29. Statis

1.8K 262 126
                                    

Selama di perjalanan, Gavabiel untungnya tertidur lelap di pelukan Ansara. Pembawaan bayi lelaki itu juga terlampau lebih tenang, tidak rewel seperti biasanya. Entah ketenangan mana yang membawa batinnya nyaman, Ansara sendiri juga tidak tahu pasti.

Disamping mereka, Prastha berkendara dalam diam. Sama sekali tidak berniat membuka suara sebab pikirannya pun tengah kalut. Jalanan yang makin lenggang memudahkan mobil untuk melesat dalam
kecepatan yang cukup tinggi, namun tetap terjaga aman.

Ansara beberapa kali melirik kesamping, mempelajari profil wajah Prastha yang sekilas mirip dengan Bumi. Di penerangan jalanan yang seadanya, terlihat beberapa perbedaan yang jelas terlihat. Hidung Bumi lebih tinggi dari Prastha, dan rahangnya pun lebih tegas dari sang Kakak. Tapi, selebihnya, mereka memang terbilang mirip.

Lantas, Ansara membuang tatap ke arah jendela, memandangi jalanan malam yang dihiasi lampu. Hatinya sama sekali tidak merasakan tenang. Sebab jika boleh jujur, Ansara belum ingin bertemu Bumi. Entah apa reaksinya nanti saat pertama
melihat sang lelaki, ia sama sekali tidak bisa memprediksi.

Perjalanan selama dua jam itu berlangsung sunyi, tidak ada satu percakapan pun terjadi sebab keduanya memang asing. Hanya sesekali saat Gavabiel menggeliat dalam tidurnya dan merengek lah keduanya terlihat menaruh atensi.
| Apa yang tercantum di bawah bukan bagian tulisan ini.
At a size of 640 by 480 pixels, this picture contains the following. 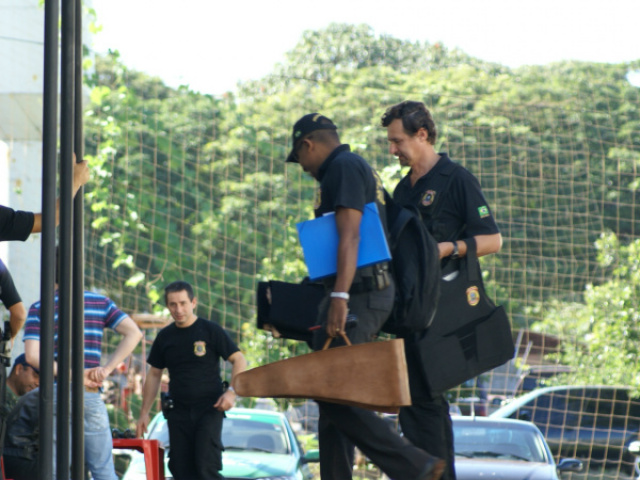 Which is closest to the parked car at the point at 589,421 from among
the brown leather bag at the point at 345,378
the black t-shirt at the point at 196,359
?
the black t-shirt at the point at 196,359

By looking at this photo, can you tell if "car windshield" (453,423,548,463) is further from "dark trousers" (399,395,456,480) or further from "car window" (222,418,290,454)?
"dark trousers" (399,395,456,480)

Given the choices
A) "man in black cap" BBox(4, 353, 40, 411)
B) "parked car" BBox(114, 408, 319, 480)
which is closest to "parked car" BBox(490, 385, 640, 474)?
"parked car" BBox(114, 408, 319, 480)

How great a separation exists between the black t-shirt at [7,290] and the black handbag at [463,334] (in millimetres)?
1753

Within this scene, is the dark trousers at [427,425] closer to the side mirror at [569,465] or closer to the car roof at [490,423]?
the side mirror at [569,465]

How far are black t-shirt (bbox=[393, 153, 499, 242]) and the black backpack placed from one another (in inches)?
9.4

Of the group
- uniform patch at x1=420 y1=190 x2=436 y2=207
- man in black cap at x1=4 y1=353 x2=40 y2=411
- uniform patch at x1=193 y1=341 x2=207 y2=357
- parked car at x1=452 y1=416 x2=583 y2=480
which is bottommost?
parked car at x1=452 y1=416 x2=583 y2=480

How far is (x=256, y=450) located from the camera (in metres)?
9.88

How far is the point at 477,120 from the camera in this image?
18812 millimetres

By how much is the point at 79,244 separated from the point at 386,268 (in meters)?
1.06

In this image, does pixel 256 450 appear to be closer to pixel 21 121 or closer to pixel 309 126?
pixel 21 121

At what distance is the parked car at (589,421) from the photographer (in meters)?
16.0

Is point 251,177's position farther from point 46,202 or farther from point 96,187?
point 46,202

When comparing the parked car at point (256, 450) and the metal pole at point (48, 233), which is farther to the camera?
the parked car at point (256, 450)

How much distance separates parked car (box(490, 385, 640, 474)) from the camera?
15992mm
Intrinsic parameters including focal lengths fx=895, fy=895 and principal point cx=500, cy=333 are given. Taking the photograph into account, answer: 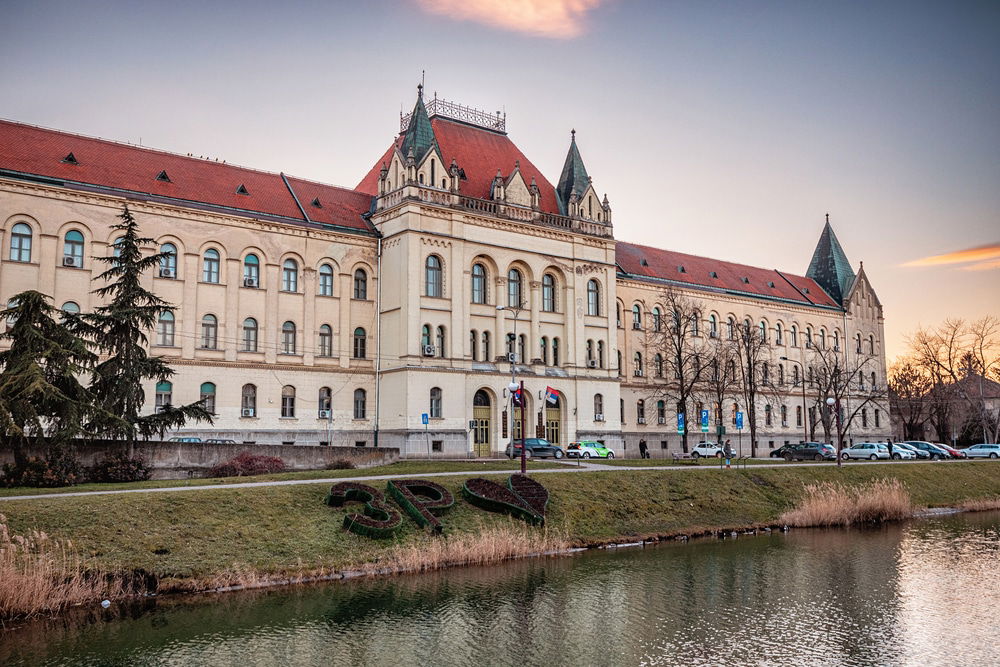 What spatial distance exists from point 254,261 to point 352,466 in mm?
19841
Ansara juga sempat beberapa kali jatuh tidur sebab merasakan lelah. Hingga akhirnya gedung rumah sakit yang menjulang tinggi itu terlihat di manik mata mereka.

Prastha turun dari mobil setelah memastikan Ansara turun terlebih dahulu, seakan berjaga seandainya sang puan hilang dari pandangan. Dengan tetap terus menjaga jarak, Prastha berjalan nyaris beriringan dengan Ansara. Mereka tetap dalam kondisi bungkam satu sama lain, bahkan setelah mendekati kamar rawat Bumi.
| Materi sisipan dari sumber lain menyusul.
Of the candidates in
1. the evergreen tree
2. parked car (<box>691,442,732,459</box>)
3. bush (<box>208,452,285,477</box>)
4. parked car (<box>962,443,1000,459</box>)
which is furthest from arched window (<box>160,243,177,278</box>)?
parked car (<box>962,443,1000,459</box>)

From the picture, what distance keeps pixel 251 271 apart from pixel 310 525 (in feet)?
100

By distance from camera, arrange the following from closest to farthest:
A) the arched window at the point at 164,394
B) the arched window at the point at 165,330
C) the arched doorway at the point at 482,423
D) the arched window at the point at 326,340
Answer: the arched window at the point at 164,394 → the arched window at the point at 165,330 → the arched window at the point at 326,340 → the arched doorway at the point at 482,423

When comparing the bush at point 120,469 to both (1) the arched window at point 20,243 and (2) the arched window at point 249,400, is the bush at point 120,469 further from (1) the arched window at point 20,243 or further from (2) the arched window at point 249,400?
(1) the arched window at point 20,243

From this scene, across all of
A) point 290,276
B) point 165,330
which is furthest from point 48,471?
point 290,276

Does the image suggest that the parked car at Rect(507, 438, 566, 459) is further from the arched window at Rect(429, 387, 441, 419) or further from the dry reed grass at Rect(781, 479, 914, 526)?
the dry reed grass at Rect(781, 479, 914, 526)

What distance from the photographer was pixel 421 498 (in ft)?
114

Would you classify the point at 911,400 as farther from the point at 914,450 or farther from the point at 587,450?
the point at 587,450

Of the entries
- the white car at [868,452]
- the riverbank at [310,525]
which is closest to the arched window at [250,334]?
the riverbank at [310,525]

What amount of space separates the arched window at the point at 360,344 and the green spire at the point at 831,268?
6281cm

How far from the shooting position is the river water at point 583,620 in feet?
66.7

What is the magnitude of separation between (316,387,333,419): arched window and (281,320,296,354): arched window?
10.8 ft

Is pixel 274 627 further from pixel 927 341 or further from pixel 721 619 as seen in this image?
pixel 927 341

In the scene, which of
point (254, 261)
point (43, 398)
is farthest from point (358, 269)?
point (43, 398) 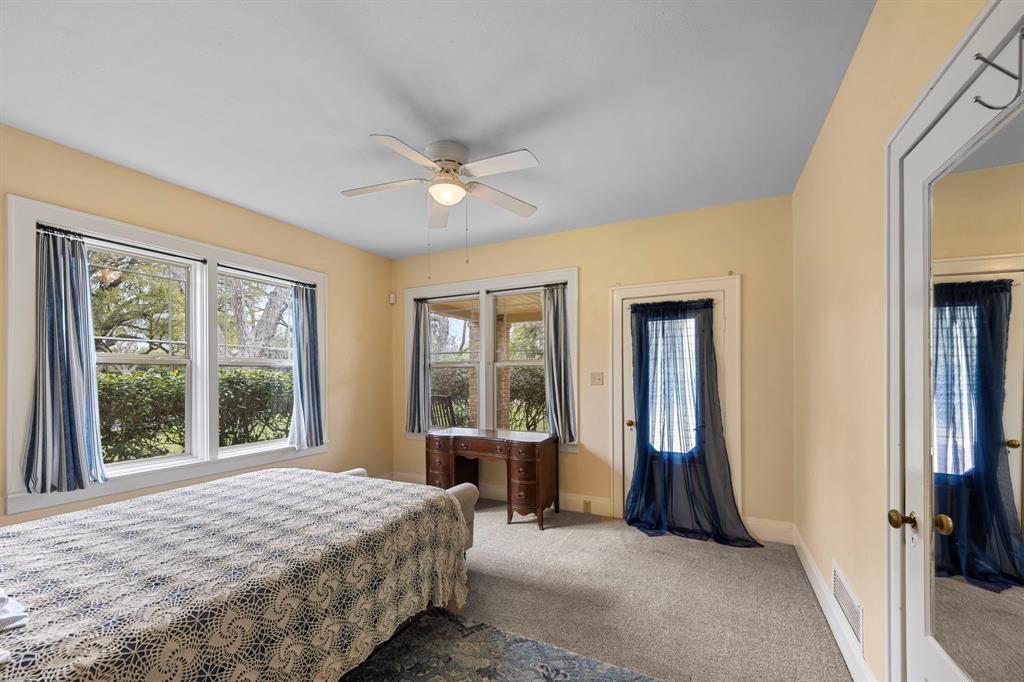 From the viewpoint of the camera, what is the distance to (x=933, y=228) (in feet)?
4.19

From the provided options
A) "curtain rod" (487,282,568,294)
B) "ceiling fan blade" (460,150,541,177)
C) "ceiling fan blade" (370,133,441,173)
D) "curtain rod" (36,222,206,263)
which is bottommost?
"curtain rod" (487,282,568,294)

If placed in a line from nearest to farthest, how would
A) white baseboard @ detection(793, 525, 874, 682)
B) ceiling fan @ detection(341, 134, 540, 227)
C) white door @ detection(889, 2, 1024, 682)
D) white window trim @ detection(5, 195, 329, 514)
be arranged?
white door @ detection(889, 2, 1024, 682) → white baseboard @ detection(793, 525, 874, 682) → ceiling fan @ detection(341, 134, 540, 227) → white window trim @ detection(5, 195, 329, 514)

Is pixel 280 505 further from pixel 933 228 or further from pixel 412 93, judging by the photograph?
pixel 933 228

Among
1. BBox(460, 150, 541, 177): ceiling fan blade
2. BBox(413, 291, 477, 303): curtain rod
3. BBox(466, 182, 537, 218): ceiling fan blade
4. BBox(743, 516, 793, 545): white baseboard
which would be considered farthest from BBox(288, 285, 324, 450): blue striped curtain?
BBox(743, 516, 793, 545): white baseboard

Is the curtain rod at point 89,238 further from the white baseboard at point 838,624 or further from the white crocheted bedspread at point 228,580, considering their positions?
the white baseboard at point 838,624

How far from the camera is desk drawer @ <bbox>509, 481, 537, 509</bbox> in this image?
3.79 meters

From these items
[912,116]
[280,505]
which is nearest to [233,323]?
[280,505]

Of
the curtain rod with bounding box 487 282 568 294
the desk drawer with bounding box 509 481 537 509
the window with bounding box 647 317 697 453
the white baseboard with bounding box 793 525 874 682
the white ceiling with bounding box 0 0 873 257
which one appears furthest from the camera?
the curtain rod with bounding box 487 282 568 294

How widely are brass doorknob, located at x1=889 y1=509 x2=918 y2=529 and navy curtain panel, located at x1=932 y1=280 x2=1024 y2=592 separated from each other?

Prastha membuka pintu kamar dan menemukan Mama dan Ganestian, adik nomor duanya, berada di dalam ruangan dengan posisi duduk di samping kanan dan kiri tempat tidur Bumi. Keduanya melebarkan netra tatkala mendapati kehadiran Ansara dan Gavabiel disana.

"Ansara...". Ucap Mama tak percaya, nyaris menghampiri jika saja Prastha tak mencegah.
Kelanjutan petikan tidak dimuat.